#### [Assigned task]
Every line below from the one containing "EXOXEN 外泌體細胞再生療程" through the one containing "Fracture of facial" must be transcribed exactly. Omit all lines outside that stretch.

(Collection entries)
===
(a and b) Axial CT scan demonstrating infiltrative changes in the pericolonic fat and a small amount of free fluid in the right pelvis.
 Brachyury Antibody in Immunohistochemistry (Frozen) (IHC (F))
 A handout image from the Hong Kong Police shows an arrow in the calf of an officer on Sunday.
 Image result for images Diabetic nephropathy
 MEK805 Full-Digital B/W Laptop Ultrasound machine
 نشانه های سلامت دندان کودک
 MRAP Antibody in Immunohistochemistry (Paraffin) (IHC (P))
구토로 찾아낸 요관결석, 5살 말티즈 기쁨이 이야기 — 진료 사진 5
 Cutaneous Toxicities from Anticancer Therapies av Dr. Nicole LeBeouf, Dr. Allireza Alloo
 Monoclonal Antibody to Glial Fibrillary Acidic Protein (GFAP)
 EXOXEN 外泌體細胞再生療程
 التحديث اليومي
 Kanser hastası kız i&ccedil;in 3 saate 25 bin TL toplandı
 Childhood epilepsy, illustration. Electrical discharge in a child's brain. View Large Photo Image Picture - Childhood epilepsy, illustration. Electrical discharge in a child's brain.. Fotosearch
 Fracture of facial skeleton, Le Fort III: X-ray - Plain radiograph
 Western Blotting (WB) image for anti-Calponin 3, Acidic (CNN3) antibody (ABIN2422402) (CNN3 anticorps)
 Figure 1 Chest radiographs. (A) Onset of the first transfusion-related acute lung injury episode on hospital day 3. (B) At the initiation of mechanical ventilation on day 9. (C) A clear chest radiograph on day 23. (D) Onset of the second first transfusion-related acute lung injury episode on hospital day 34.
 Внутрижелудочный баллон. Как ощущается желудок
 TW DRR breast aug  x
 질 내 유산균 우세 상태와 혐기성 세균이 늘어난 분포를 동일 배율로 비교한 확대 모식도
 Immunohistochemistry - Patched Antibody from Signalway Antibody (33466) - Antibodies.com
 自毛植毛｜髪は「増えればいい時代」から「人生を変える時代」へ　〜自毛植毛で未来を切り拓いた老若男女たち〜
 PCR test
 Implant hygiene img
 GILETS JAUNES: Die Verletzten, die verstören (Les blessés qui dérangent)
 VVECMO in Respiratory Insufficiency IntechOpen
===
#### [Problem solution]
 EXOXEN 外泌體細胞再生療程
 التحديث اليومي
 Kanser hastası kız i&ccedil;in 3 saate 25 bin TL toplandı
 Childhood epilepsy, illustration. Electrical discharge in a child's brain. View Large Photo Image Picture - Childhood epilepsy, illustration. Electrical discharge in a child's brain.. Fotosearch
 Fracture of facial skeleton, Le Fort III: X-ray - Plain radiograph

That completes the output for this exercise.